- Data for this task -
**********
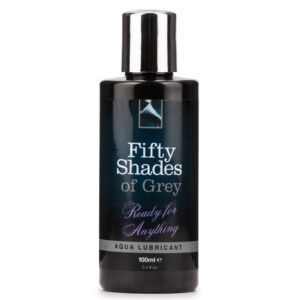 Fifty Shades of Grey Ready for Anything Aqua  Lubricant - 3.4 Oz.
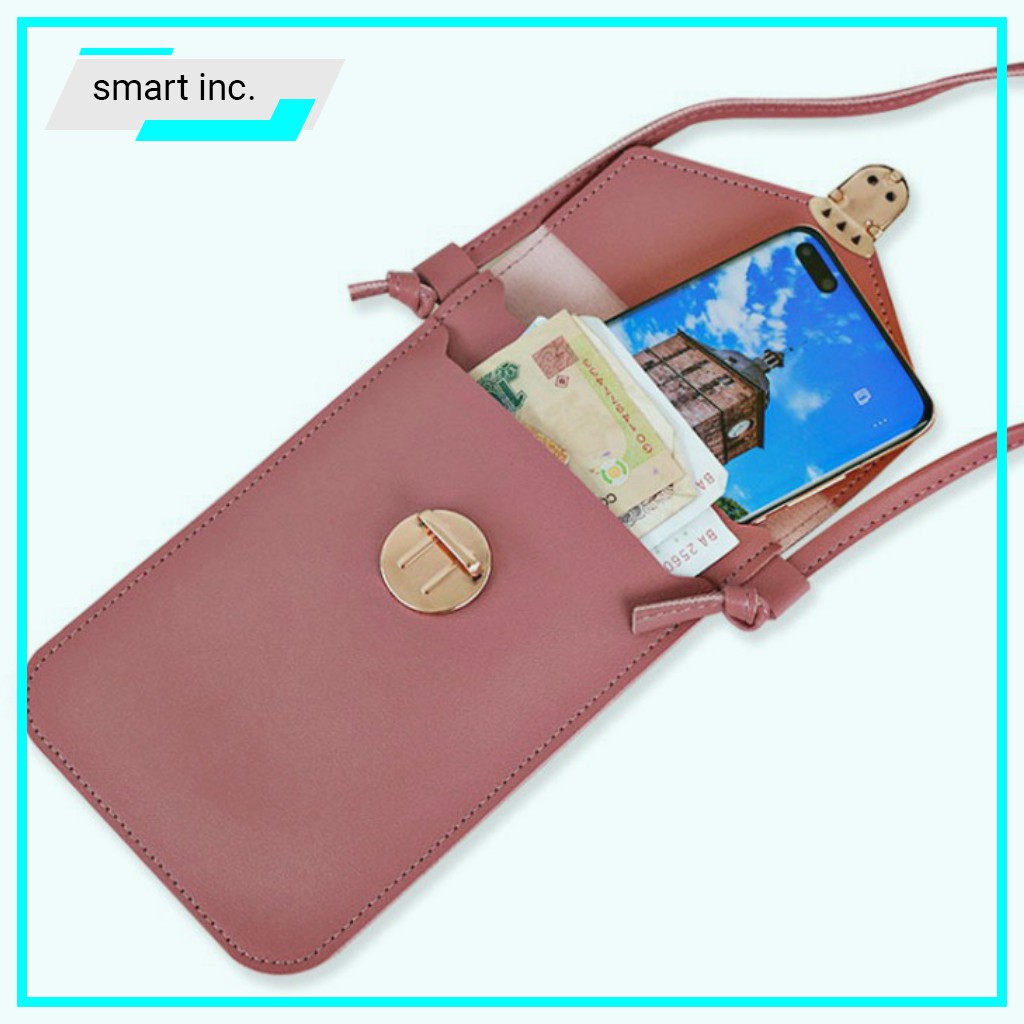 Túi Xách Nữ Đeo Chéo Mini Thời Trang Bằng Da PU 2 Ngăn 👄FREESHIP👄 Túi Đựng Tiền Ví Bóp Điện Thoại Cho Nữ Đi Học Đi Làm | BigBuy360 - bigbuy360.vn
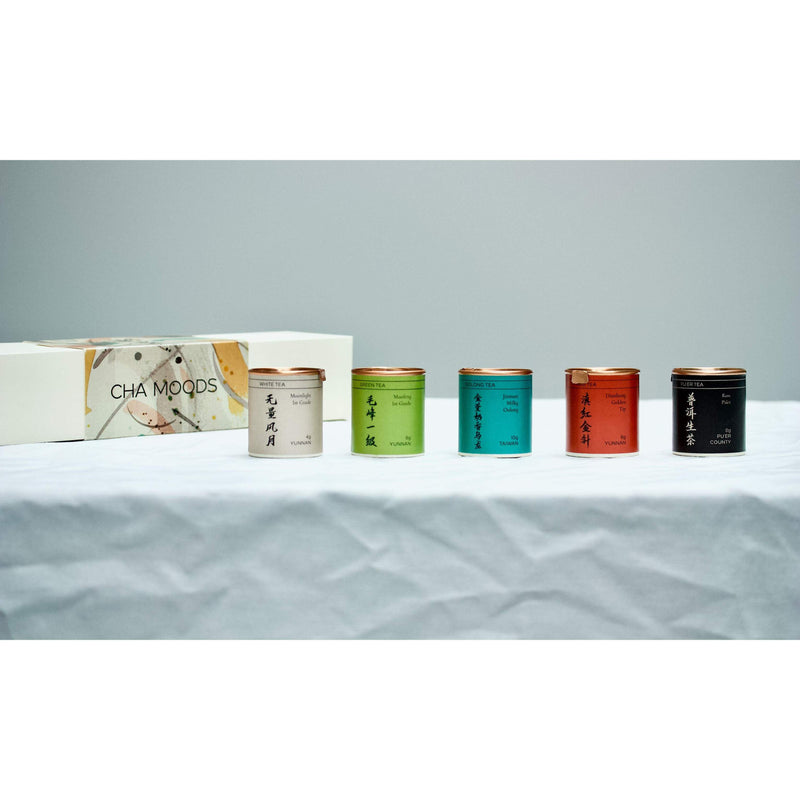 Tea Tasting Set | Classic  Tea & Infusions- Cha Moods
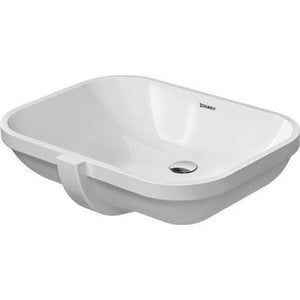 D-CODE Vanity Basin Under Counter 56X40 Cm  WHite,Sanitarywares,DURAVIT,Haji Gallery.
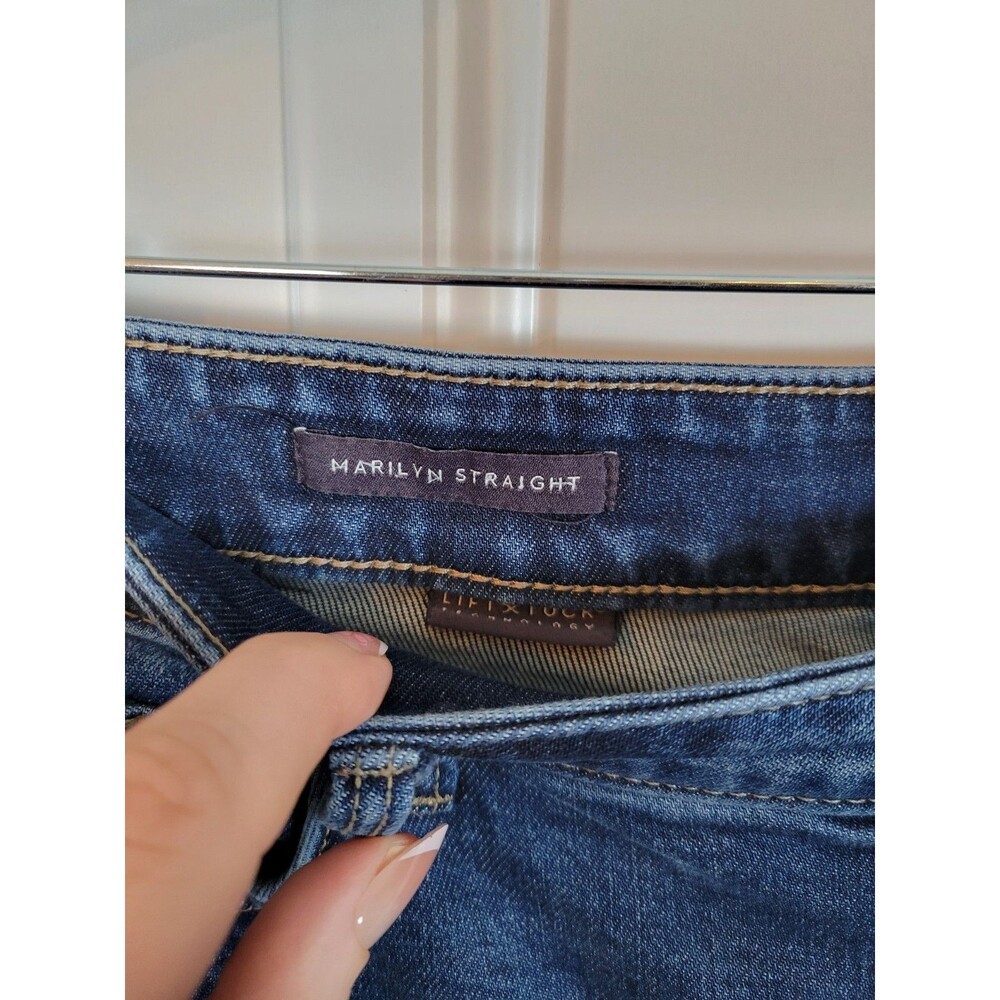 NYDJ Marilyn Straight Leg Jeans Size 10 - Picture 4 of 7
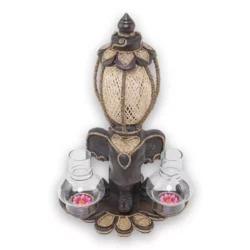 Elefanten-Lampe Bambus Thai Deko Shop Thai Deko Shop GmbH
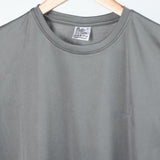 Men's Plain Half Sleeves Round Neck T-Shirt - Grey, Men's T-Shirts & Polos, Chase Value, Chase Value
**********
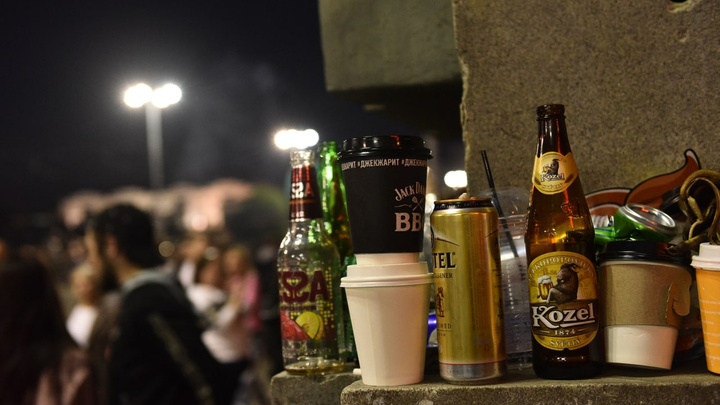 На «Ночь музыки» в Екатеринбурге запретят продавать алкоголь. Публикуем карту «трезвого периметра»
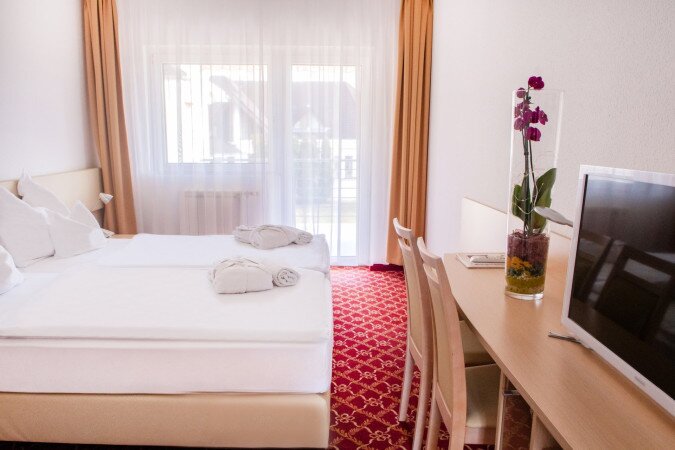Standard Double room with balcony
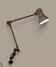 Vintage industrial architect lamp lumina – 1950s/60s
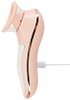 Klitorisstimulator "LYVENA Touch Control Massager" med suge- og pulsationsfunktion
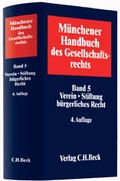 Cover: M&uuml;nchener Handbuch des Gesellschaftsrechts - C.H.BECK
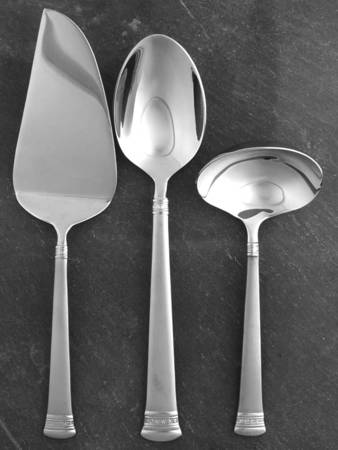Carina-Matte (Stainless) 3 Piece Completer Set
**********
- Exercise -
Find where the line with "Vintage industrial architect" sits in the material above and where the line with "Carina-Matte (Stainless) 3" sits. Set down exactly the lines from the first to the second, both included and nothing else, without pictures.

- The completed task -
 Vintage industrial architect lamp lumina – 1950s/60s
 Klitorisstimulator "LYVENA Touch Control Massager" med suge- og pulsationsfunktion
 Cover: M&uuml;nchener Handbuch des Gesellschaftsrechts - C.H.BECK
Carina-Matte (Stainless) 3 Piece Completer Set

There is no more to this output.